### Aim of the task
Transcribe all of the records word for word, but omit the pictures.

### Records for this exercise
BEGIN

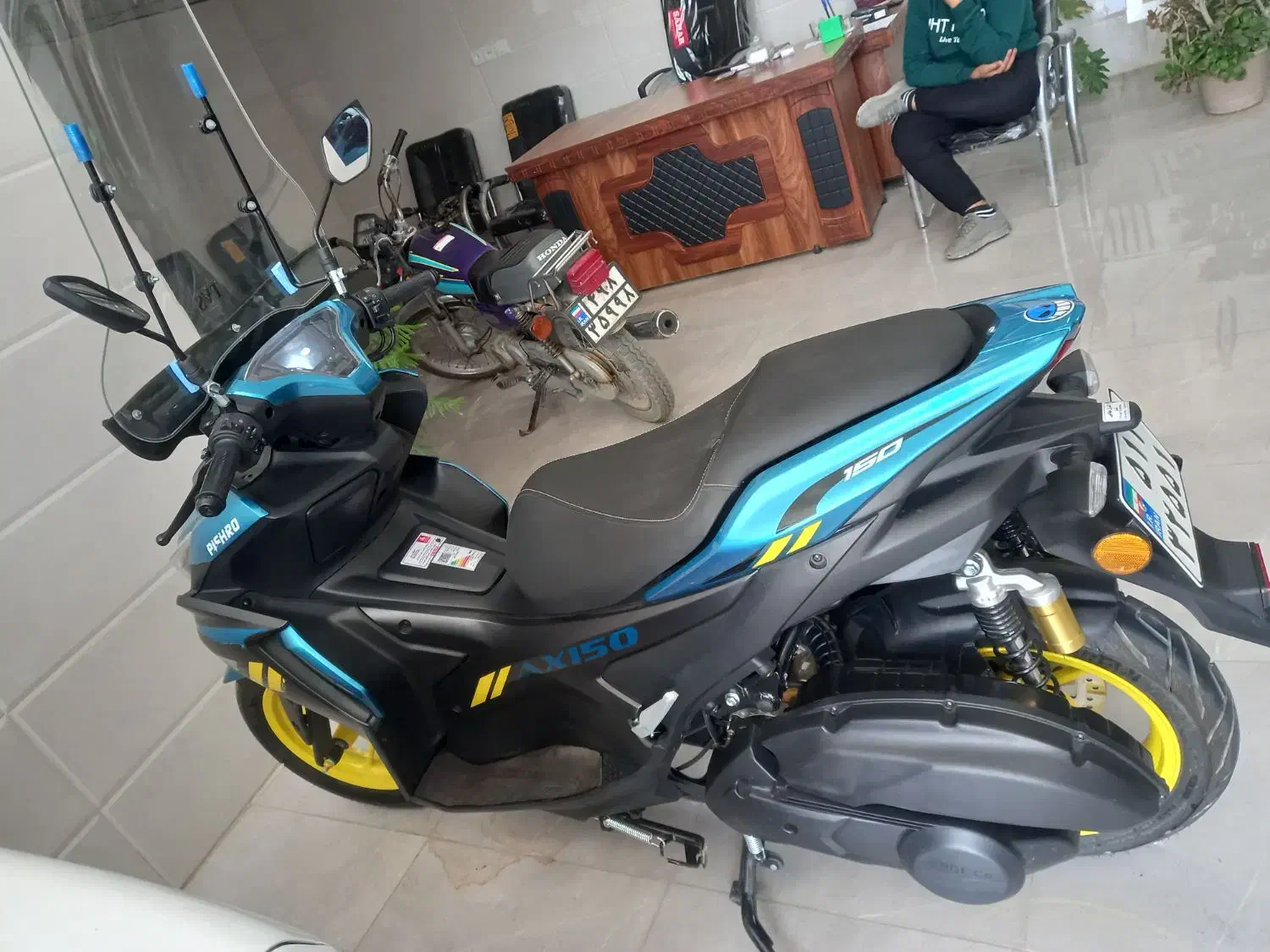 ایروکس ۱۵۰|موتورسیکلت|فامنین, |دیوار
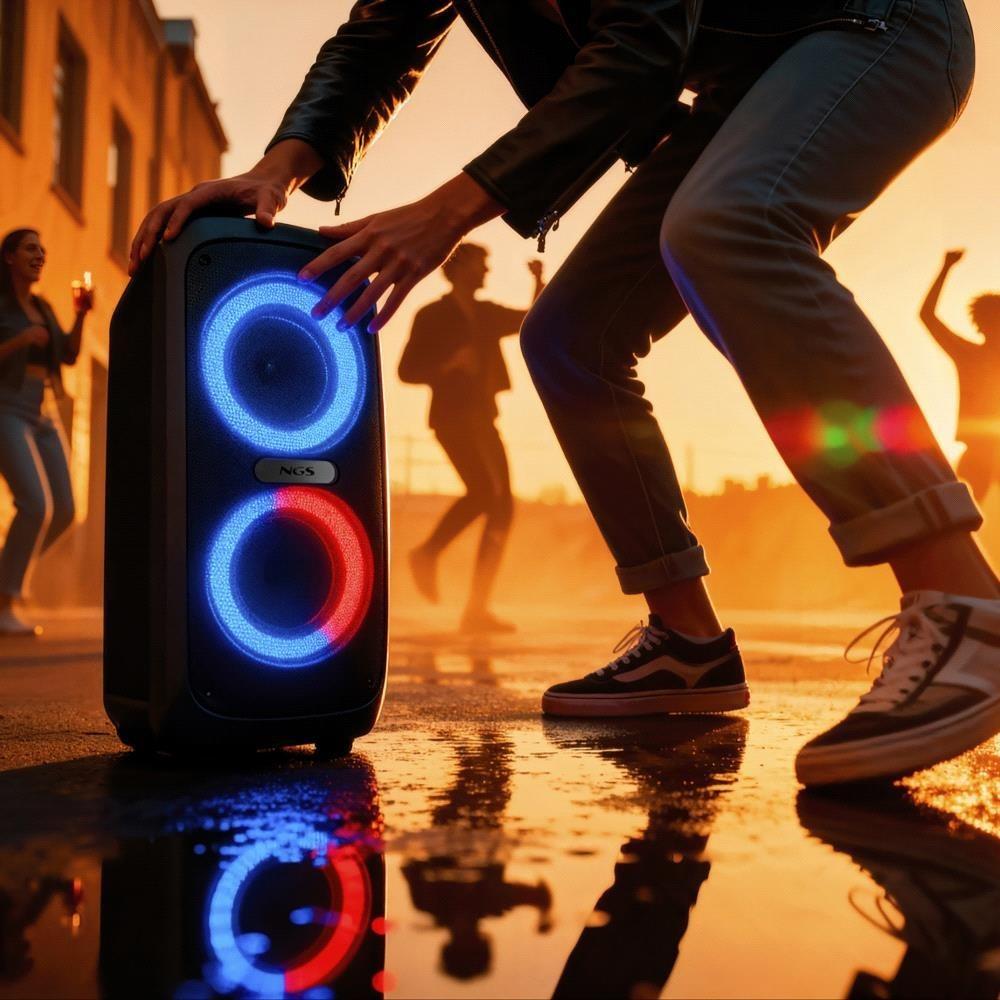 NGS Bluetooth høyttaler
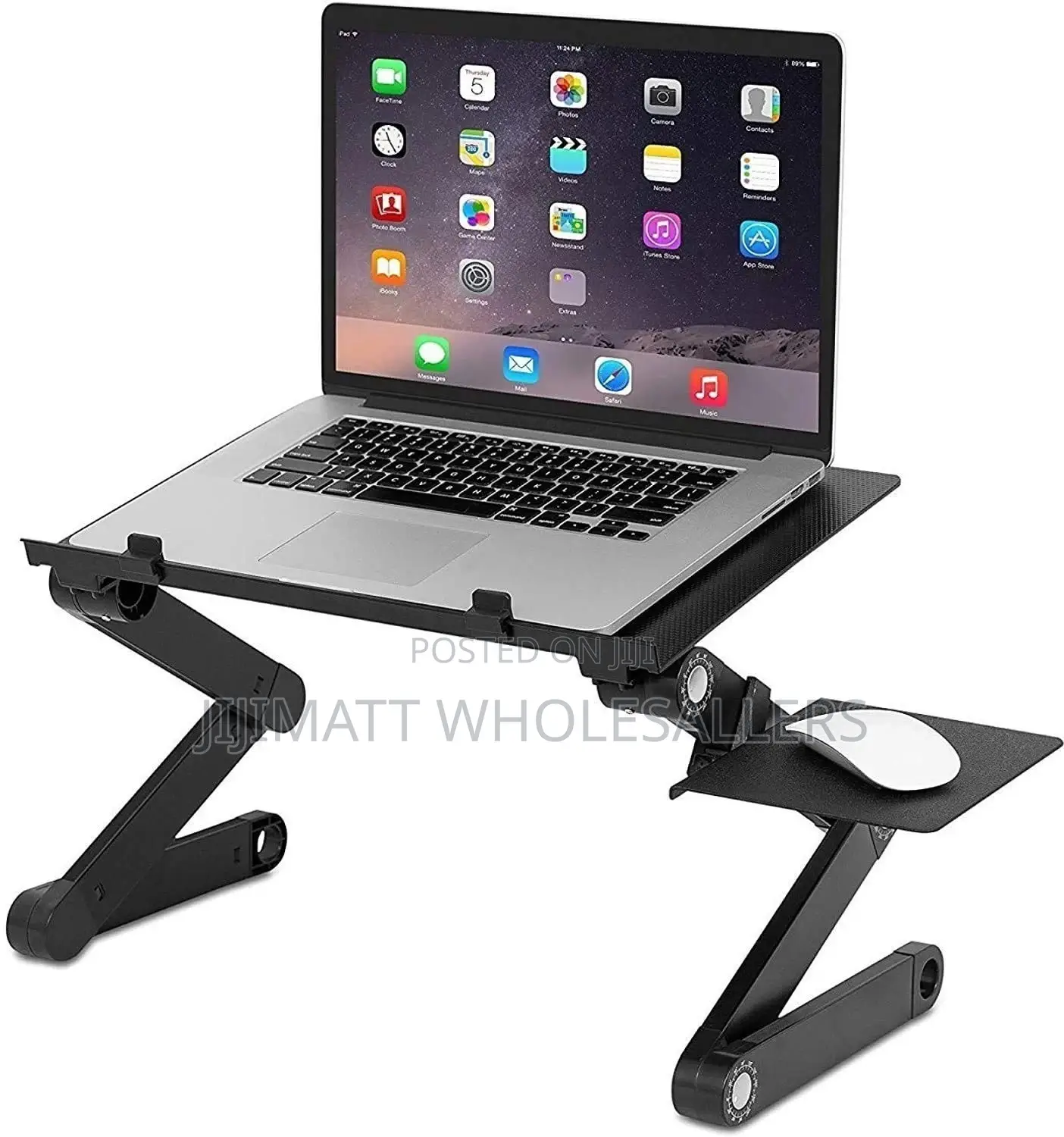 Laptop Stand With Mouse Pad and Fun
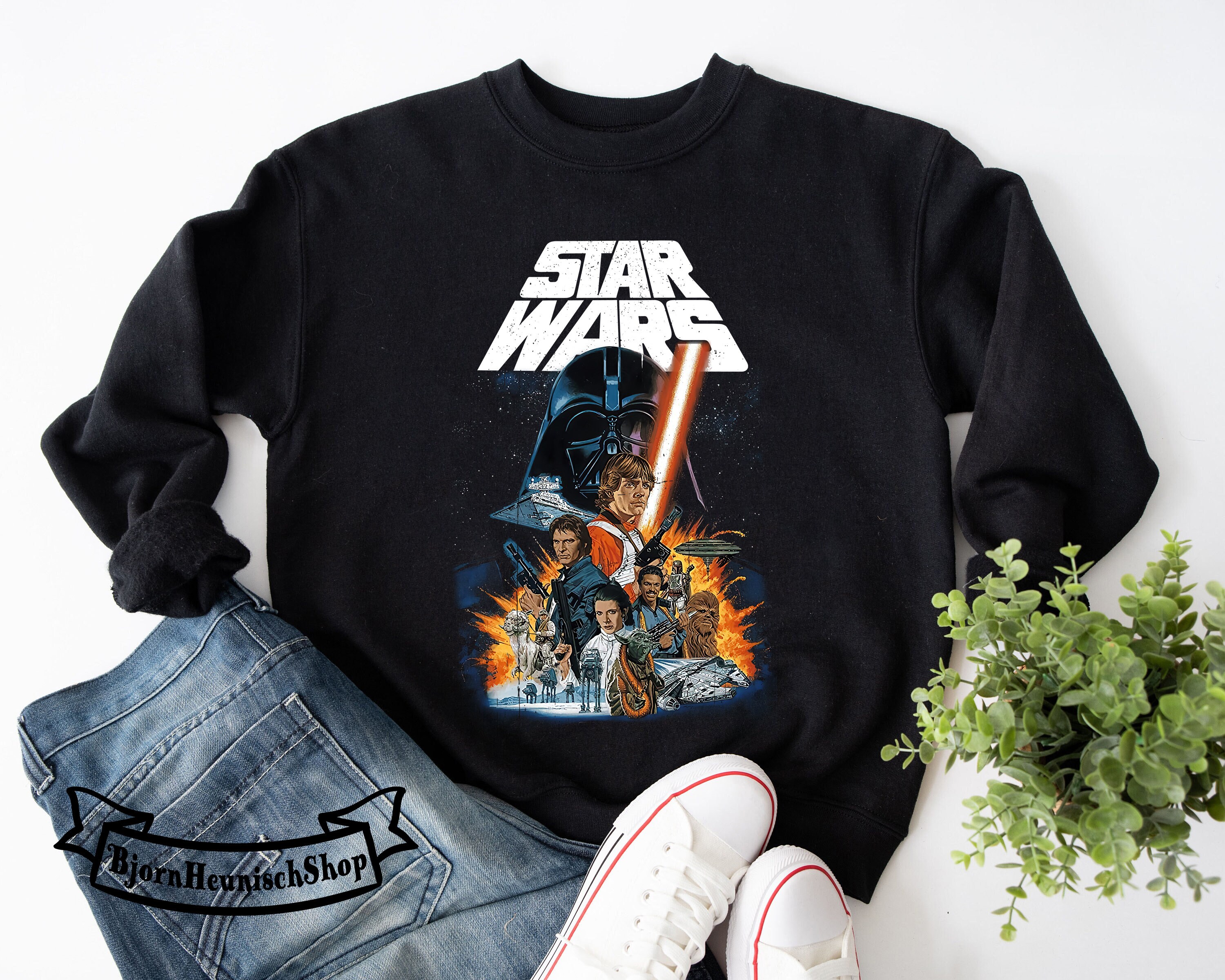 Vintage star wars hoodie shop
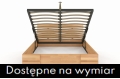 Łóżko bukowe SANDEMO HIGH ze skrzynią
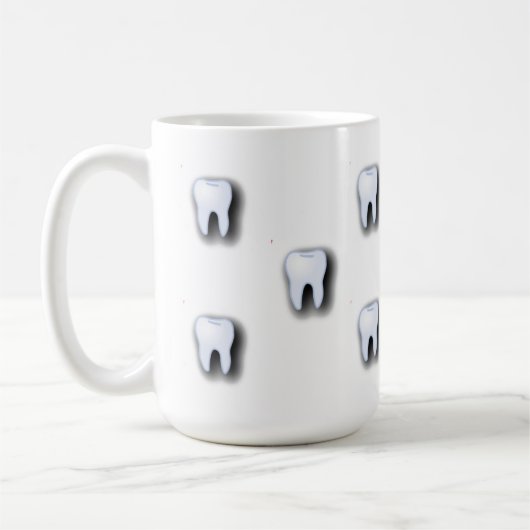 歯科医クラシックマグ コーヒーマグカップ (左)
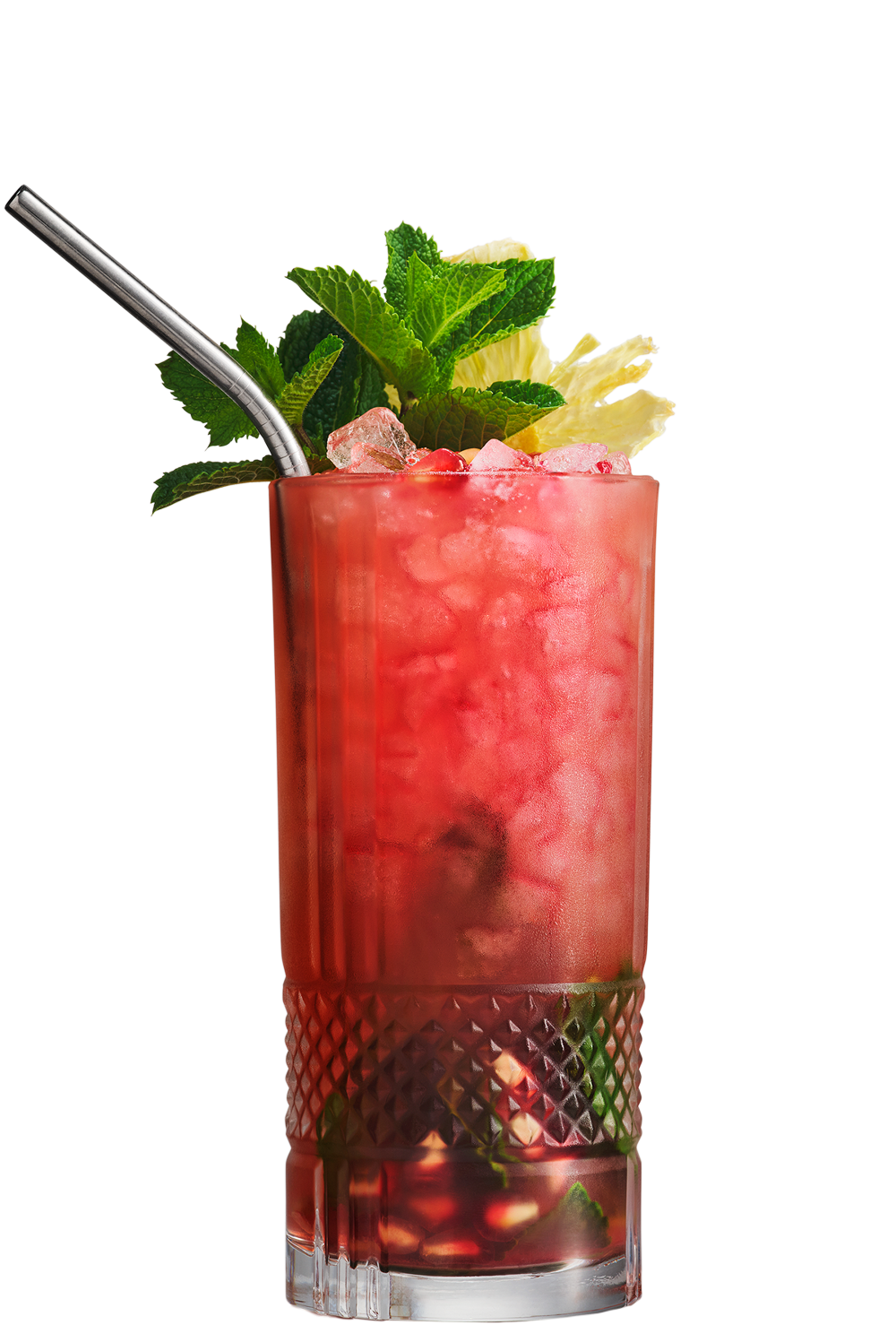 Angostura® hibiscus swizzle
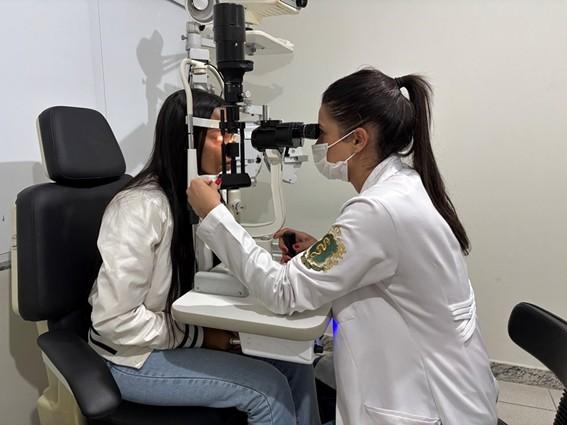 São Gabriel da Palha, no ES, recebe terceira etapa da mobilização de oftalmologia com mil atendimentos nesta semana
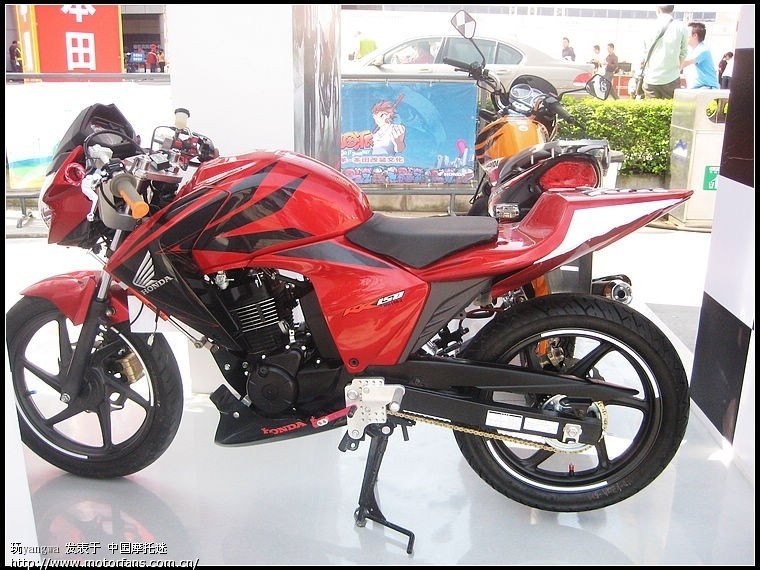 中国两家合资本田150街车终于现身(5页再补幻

END

### Written answer
 ایروکس ۱۵۰|موتورسیکلت|فامنین, |دیوار
 NGS Bluetooth høyttaler
 Laptop Stand With Mouse Pad and Fun
 Vintage star wars hoodie shop
 Łóżko bukowe SANDEMO HIGH ze skrzynią
 歯科医クラシックマグ コーヒーマグカップ (左)
 Angostura® hibiscus swizzle
 São Gabriel da Palha, no ES, recebe terceira etapa da mobilização de oftalmologia com mil atendimentos nesta semana
 中国两家合资本田150街车终于现身(5页再补幻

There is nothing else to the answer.